The closer your monitor and mouse refresh rates are to each other, the more out of sync they will feel.
You an get away with a 125hz mouse on a 60hz monitor, because you almost always have a fresh(ish) mouse frame to display with every monitor frame. Furthermore, the end-to-end muse latency is consistently within what your mind and eyes consider "normal".
When you run a 125hz mouse with a 120~hz monitor, you can have serious issues.
If both devices are 100% in sync with eachother's rate (both at exactly 125hz for instance), then you will have a very consistent feel, but not necessarily a very responsive one, as synced rates are not the same as synced output times. Your mouse could be presenting a new frame 0.001ms before the monitor does, giving you a nice fresh frame all the time, which would be ideal, or you could have it presenting frames 7.999ms before the monitor frame, giving you a consistent lag that makes it feel like your cursor is dragging behind your mouse, rather than being directly coupled with it.

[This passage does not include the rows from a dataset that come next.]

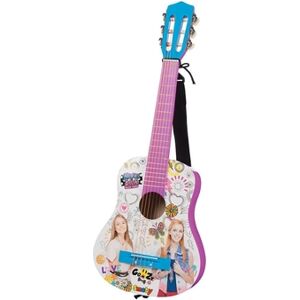 Smoby METB GUITARE ACOUSTIQUE - Publicité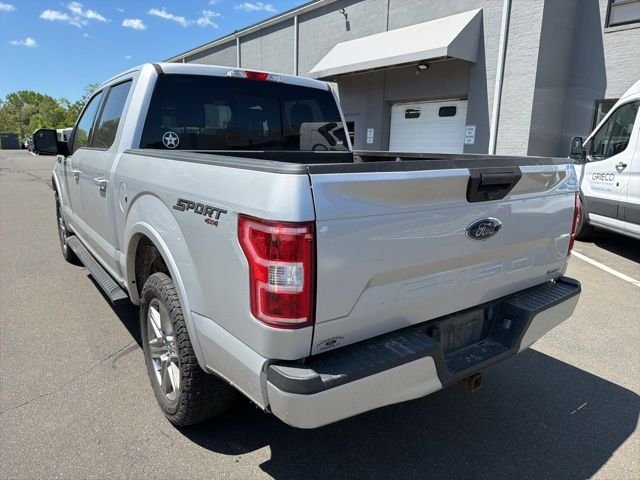 Used 2019 Silver Ford XLT image 5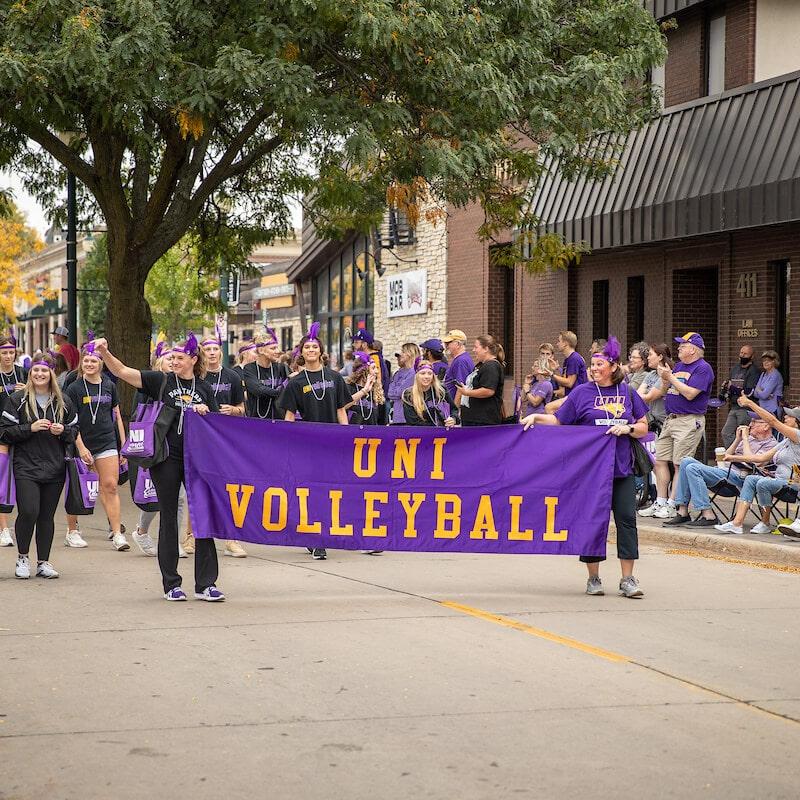 2022 Homecoming Parade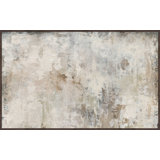 Aged Trail III Painting by Barclay Butera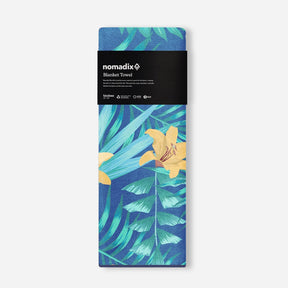 Blanket Towel: Palms Dusk Nomadix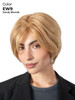 Eulisse -European Virgin Hair Stretchable Base Short Wig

There is literally nothing you can do to force the mouse and monitor to sync outputs, so the changes of you getting a good result is low. Then there is the issue that almost no mice are 100% consistent on their rate, almost almost no monitors actually display at precisely 125hz. In the real world your "125hz" mouse is jumping around from 122-126hz, and your monitor is outputting at 199-121hz. Out the window goes all the consistency discussed above, and now you are constantly cycling through the entire spectrum between maximum and minimum sync, giving you a a laggy and jittery cursor.
To top things off, your mind is now twice as focused on movements, due to the consistently higher frame rate you are looking at now compared to when you were looking at a 60hz monitor. Flaws that you didn't notice then, you do notice now.
Ideally, you want your mouse to be running at, at least, a little over double your monitor output.